医師も早合点「認知症は悪化していく」は間違い 治せる認知症だってあることを知っておこう

東洋経済オンライン / 2025年1月21日 7時0分

症状の変化に気づいた場合も、真っ先に「改善できる可能性」について考えましょう。

医療や介護のプロにも起こる「早合点」から身を守れ

数々の誤解・勘違い、そして早合点は、一般の人たちだけにあることではありません。いまはまだ、認知症の医療や介護に携わる人のなかにも、偏見をもっている人がいます。

それは人がこんなに長生きするようになったのが、この20、30年ほどのことで、認知症についていろいろなことがわかってきたのも最近だからです。認知症の診断や治療について学ぶ機会があまりなかった人も少なくないでしょう。

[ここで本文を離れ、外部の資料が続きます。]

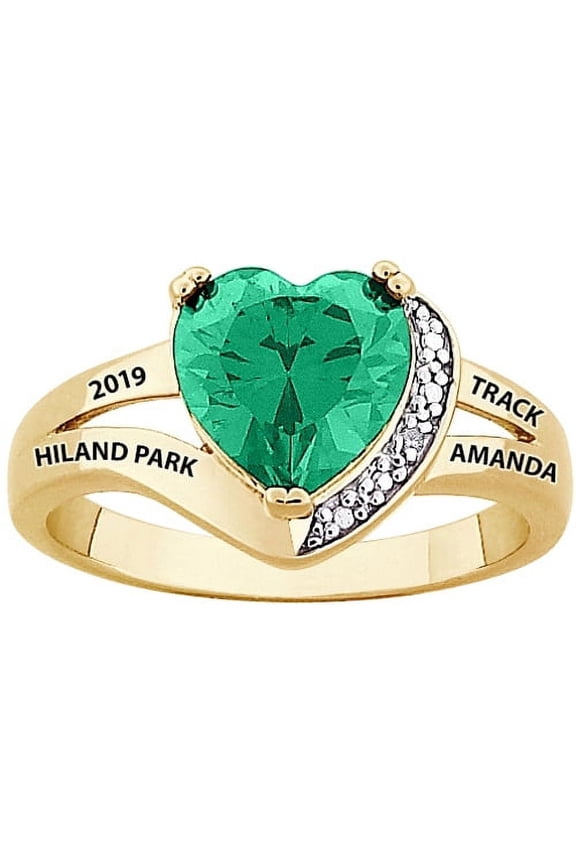 Order Now for 2025 Graduation, Freestyle 18K Gold over Sterling Heart & Diamond Class Ring, Personalized, High School or College Graduation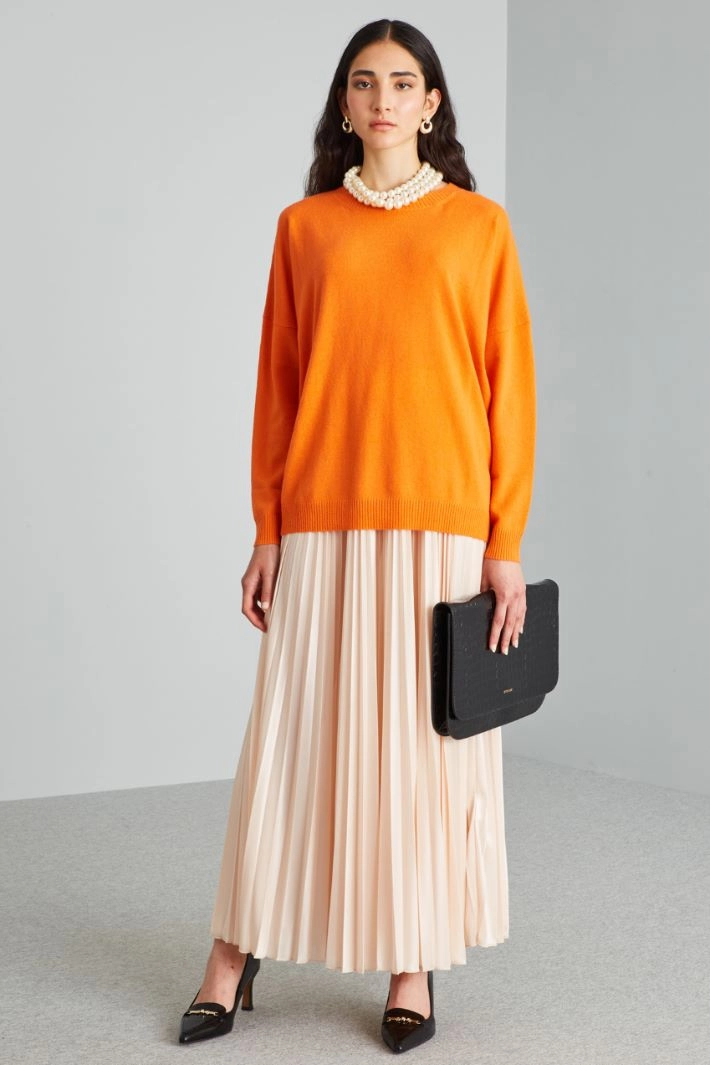 Wool and cashmere sweater - ORANGE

私が医者になったのは2003年でしたが、その翌年(2004年)12月から「痴呆」という言葉が認知症に改まりました。

とはいえ当時、患者さんに認知症の診断がついていると、病院で診てもらえないことがあるという状況もありました。

なぜならその頃の医療は「患者さんの病気を治し、社会復帰をめざす」もので、老化を診る医療教育は少なく、認知症の人の尊厳を守るといった意識も薄い時代でした。

しかし超高齢社会のいまは、認知症の人は診られないとなったら、患者さんは大きく減ることになります。何科の医師であっても認知症を理解し、対応力をもたざるを得ない時代となり、実際に多くの医師が関わっていますが、認知症について学ぶ機会が少なかった人も含まれるのです。

認知症の診断については、認知症を中心に診療している医師にとっても大変難しいもので、慎重にならざるを得ません。慎重を期しても、現代医学では確定診断はできないのが認知症です。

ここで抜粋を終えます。